====== Data
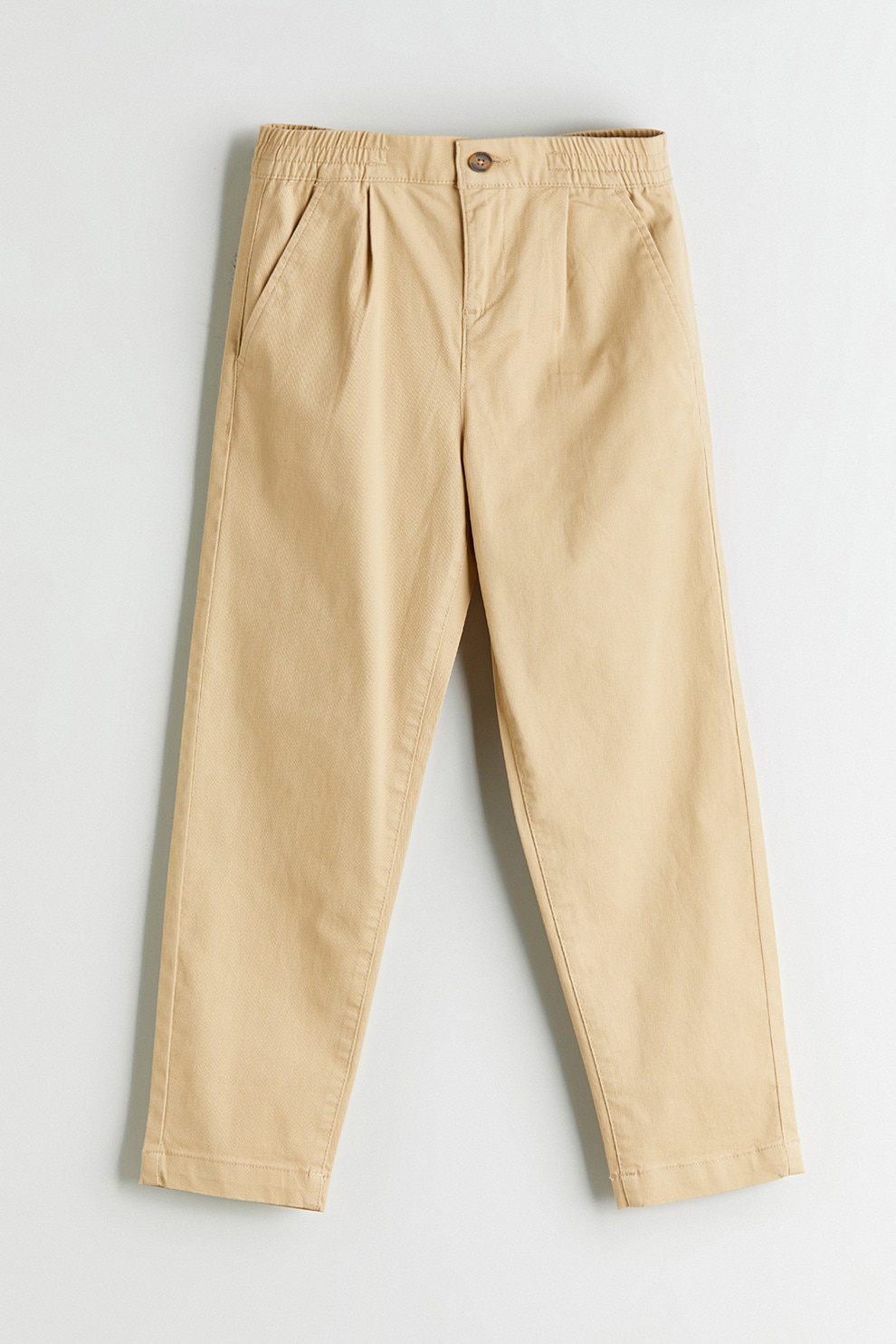 LC WAIKIKI, Pantaloni chino din amestec de bumbac, Galben pal, 140-146 CM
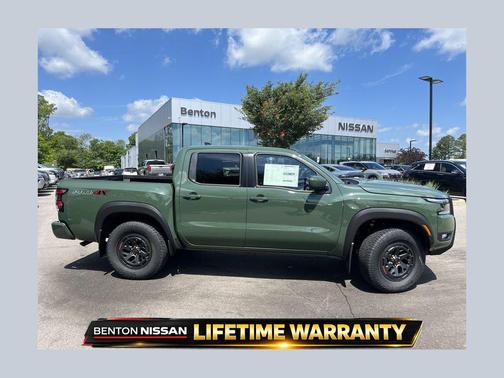 Tactical Green Metallic 2026 Nissan Frontier PRO-4X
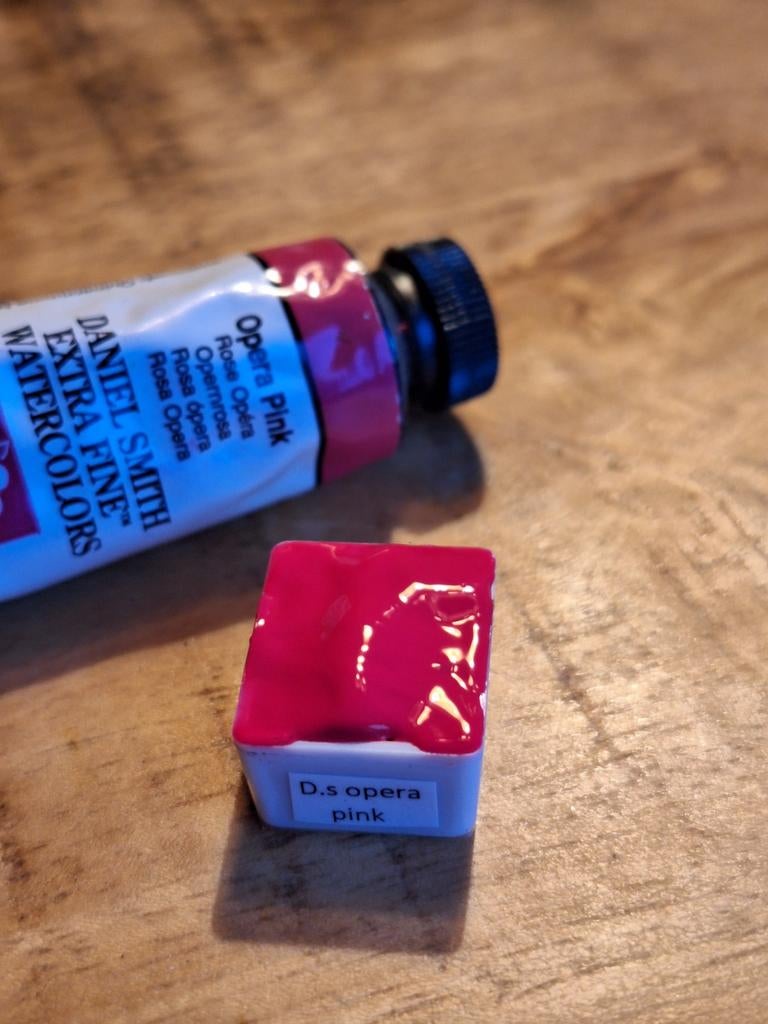 Daniel Smith Aquarel - Opera Pink ½ Napje, Ophalen of Verzenden, Nieuw, Waterverf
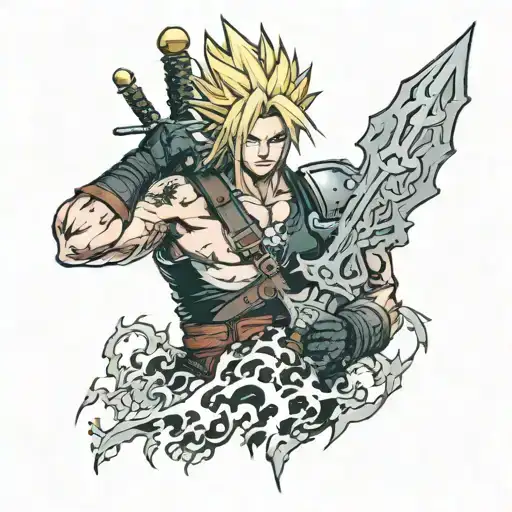 Final Fantasy 7 Midgar With Cloud Strife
============
§ Exercise requirements
Would you transcribe all of the data exactly, apart from its pictures?

§ Task output
 LC WAIKIKI, Pantaloni chino din amestec de bumbac, Galben pal, 140-146 CM
 Tactical Green Metallic 2026 Nissan Frontier PRO-4X
 Daniel Smith Aquarel - Opera Pink ½ Napje, Ophalen of Verzenden, Nieuw, Waterverf
 Final Fantasy 7 Midgar With Cloud Strife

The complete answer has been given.